I finished a book, Coolidge by Amity Shales, this summer on President Calvin Coolidge. Many people know little about President Coolidge except for his nickname, Silent Cal. His name is misleading. He was not silent. He was just someone who expressed himself succinctly. He was also a lawyer.
In any event, Coolidge did not use two words when one was sufficient. For example, he once remarked upon passing a certain dress shop, “If you ever get married, don’t let your wife buy anything in there. My wife goes in there and it costs me a lot of money.” His life was one of simplicity and efficiency. His will was one sentence long. It read, “I, Calvin Coolidge, leave all my property real, personal and mixed to my wife, Grace Goodhue Coolidge, in fee simple forever.” Shorter wills have been sustained in Tennessee courts.

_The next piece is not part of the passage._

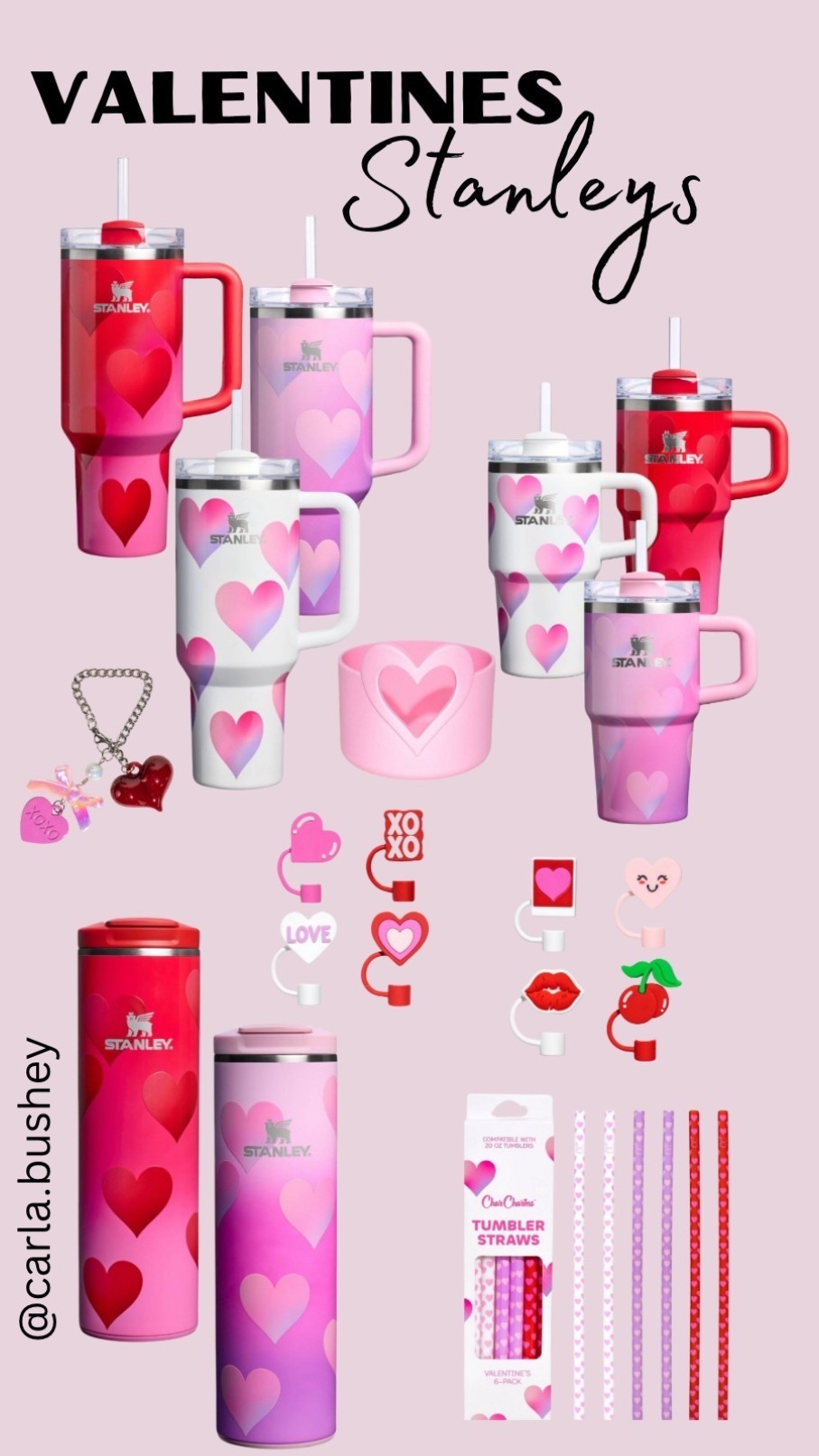  NEW Valentines Stanley’s and accessories ❤️

#LTKselfcare #LTKSeasonal #LTKActive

I met with a couple a few weeks ago who had a revocable living trust. It was about 15 years old and about 30 pages in length. I asked the couple if they had read it, thoroughly. Without hesitation, they admitted they had not. The husband stated that he reckoned the lawyer who prepared it must have charged by the word because it was fairly expensive. I knew he was joking – or at least half-joking. Several weeks later when we were signing their documents, they remarked that the trust I prepared, which was only 7 pages long, was so much simpler and easy to understand. I answered all their questions in about 30 minutes and they remarked that felt good that their estate planning affairs were done right.